Les violences sexuelles à Shabunda

Un silence entretenu ?

15-07-2015 14:02:40

Plusieurs jours après les évènements de Kikamba où,selon nos correspondantes à Shabunda, des femmes ont encore une fois été victimes des violences sexuelles de la part des hommes en armes, la nuit du 30 avril au 1er mai, un bilan même consensuel sur le chiffre n'est toujours pas disponible.

A part MSF Espagne, interviewée à ce propos par Femme au Fone(FAF), les autres personnes contactées à ce sujet se sont soit réservées, soit contentées de donner des informations superficielles en rapport avec ces événements.

Pendant que MSF continue à démentir toute légèreté par rapport aux 127 cas déclarés dans son communiqué publié suite à cette incursion et dont il est question dans l'interview que Francisco Ottero chef de mission MFS Espagne a accordé à FAF, une source proche du ministère provincial en charge du genre et de la santé a, pour sa part, confié que seulement 2 femmes, dont une mineure, auraient été victimes d'agressions sexuelles au cours de ces événements de Kikamba.
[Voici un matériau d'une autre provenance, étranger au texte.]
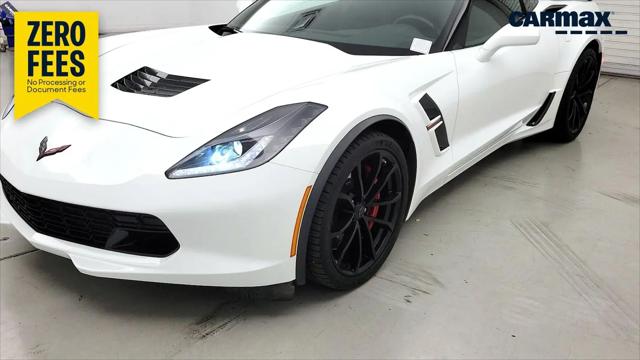 2017 Chevrolet Corvette Grand Sport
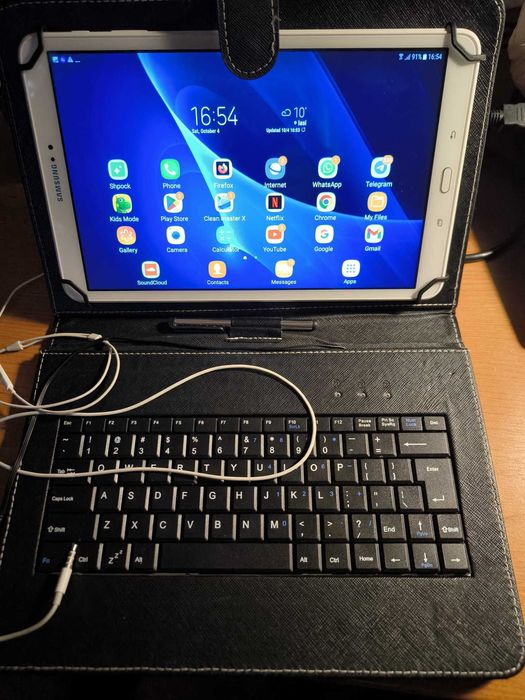 Tableta Samsung Galaxy Tab A6 cu android- neutilizata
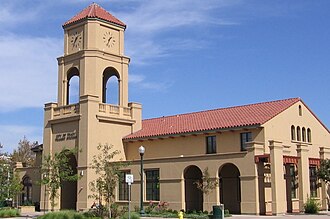 Tracy, California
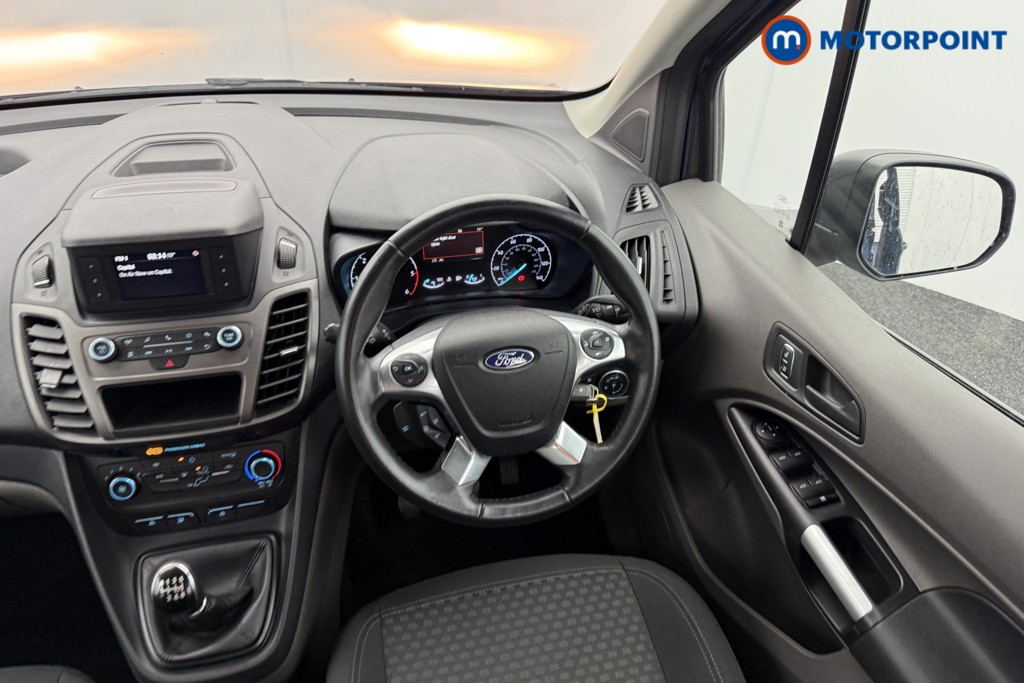 Ford Tourneo Connect Zetec Manual Diesel People Carrier - Stock Number (1546991) - 2nd supplementary image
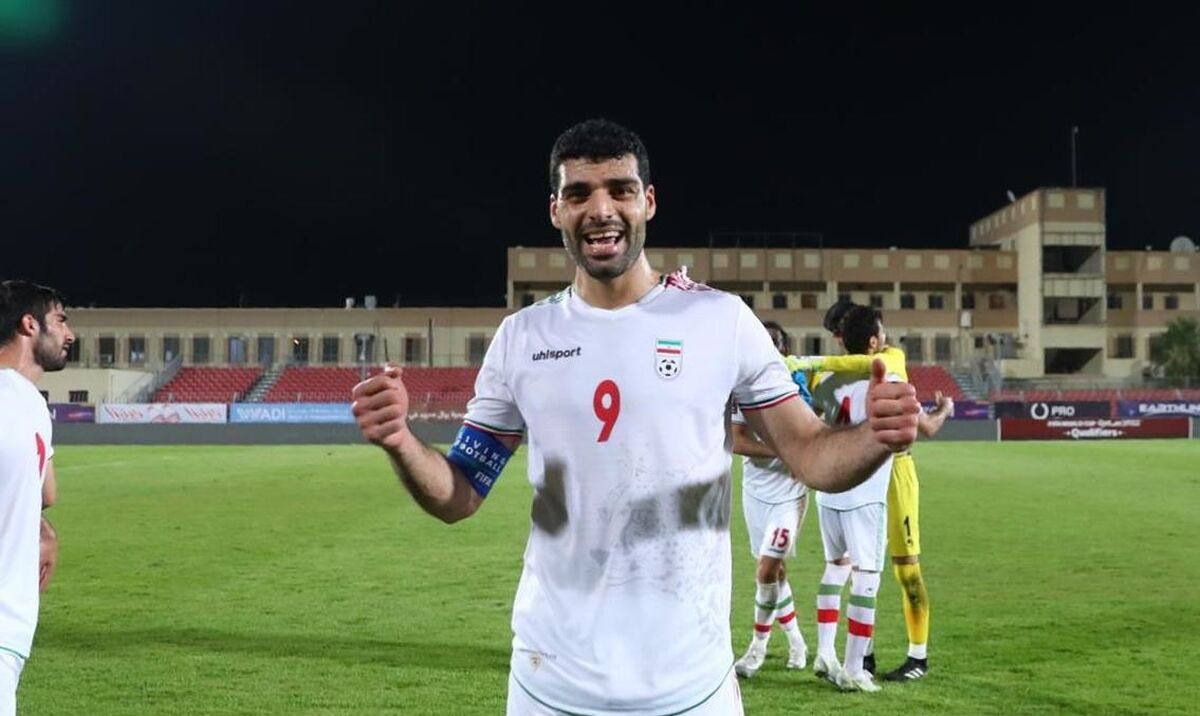 ببینید: عاقبت تیمداری در ایران!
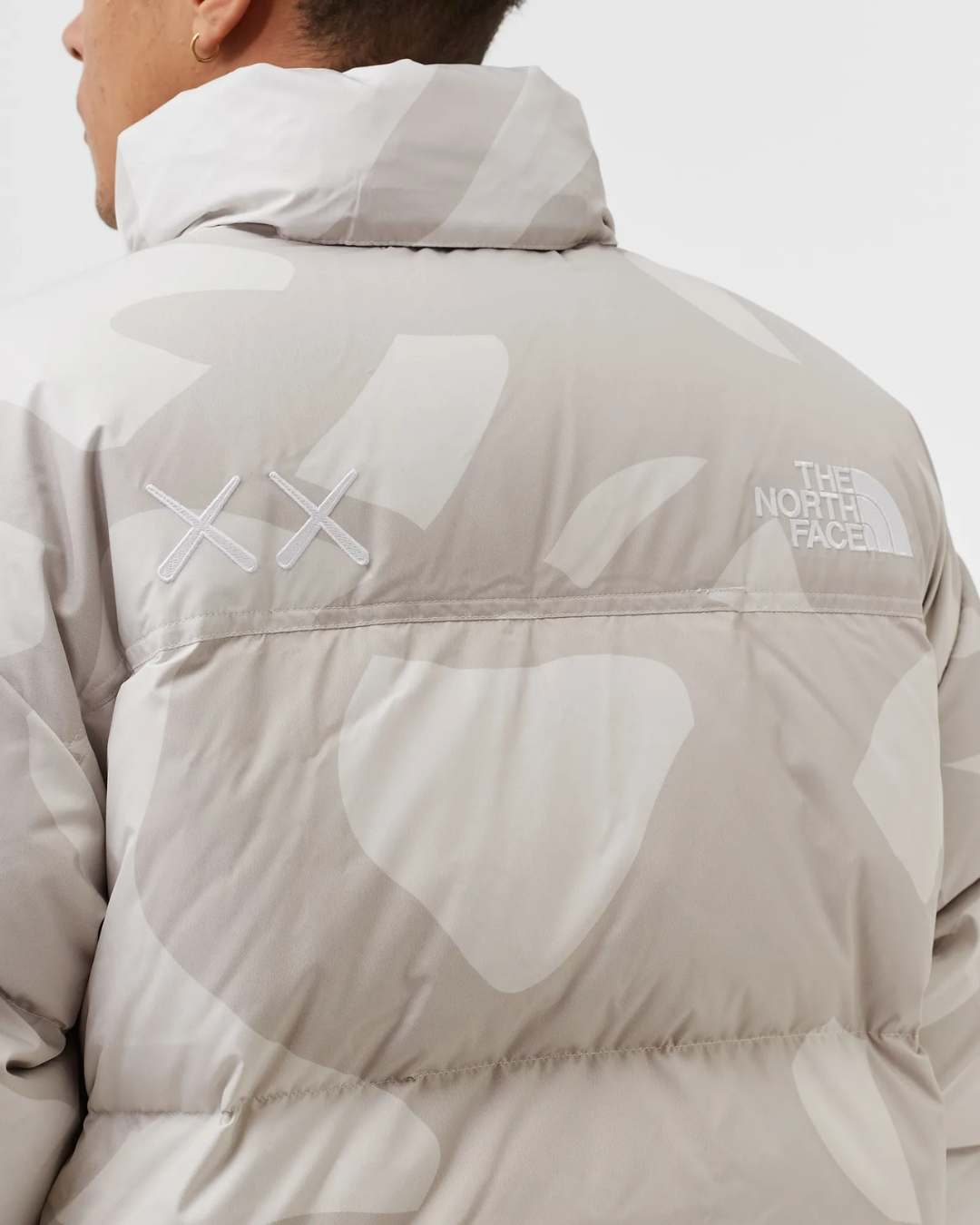 The North Face x KAWS ‘Project X Jacket – Limited Edition - Winter Promotion ❄️🔥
L'administrateur du territoire de Shabunda a de son côté indiqué que des femmes qui vivent dans la pauvreté et qui ont besoin,soit d'un pagne ou soit des biscuits, se seraient fait passer pour des victimes, ce qui aurait ainsi gonflé le chiffre des véritables victimes.

Il n'y a pas que ce chiffre qui fait débat. Le nombre des kits Pep distribués à différentes femmes victimes reste aussi incertain. Certaines des sources approchées par FAF ont affirmé qu'un bon nombre de kits PEP auraient été retournés par MSF à la fondation Panzi qui, pour sa part, estime que « c'est peut-être parce que ces kits ne pouvaient plus servir après 72 heures ». Que des femmes se soient présentées comme ayant été victimes d'agressions sexuelles juste pour bénéficier des quelques biscuits ou pagnes de la part de MSF ou de quelques autres organisations humanitaires, voilà une autre preuve que la situation sécuritaires des femmes du Sud-Kivu, et à Shabunda en particulier, reste précaire, aussi bien sur le plan physique qu'économique.

Ce manque de clarté et de transparence, cette absence de fluidité de l'information derrière ce drame, tant de la part des autorités que de celle des organisations aussi bien locales qu'internationales œuvrant directement ou indirectement dans le milieu, fait que l'opinion s'interroge et reste à la merci de l'intoxication.

S'agit-il d'une peur de plus faibles envers les plus forts ou des intérêts que les uns et les autres préservent préférant ainsi nourrir cette discordance autour des violences sexuelles dont les femmes continuent de souffrir à Shabunda comme ailleurs dans le Kivu ?

Déjà au mois de juillet et ce qui s'est passé à Kikamba reste dans les oubliettes, comme aussi l'enlèvement de 9 femmes et viol d'aumoins 4 à Lulingu, dans le même territoire de Shabunda à la fin du mois de juin dernier. Ces enlèvements ont été perpétrés dans l'hôpital même de Lulingu par des Raia Mutomboki qui auraient violé ces femmes. « Quatre d'entre elles sont revenues et ont reçu des soins à l'hôpital, mais il y aurait encore quelques femmes retenues dans la brousse», affirment des membres de la société civile de Shabunda.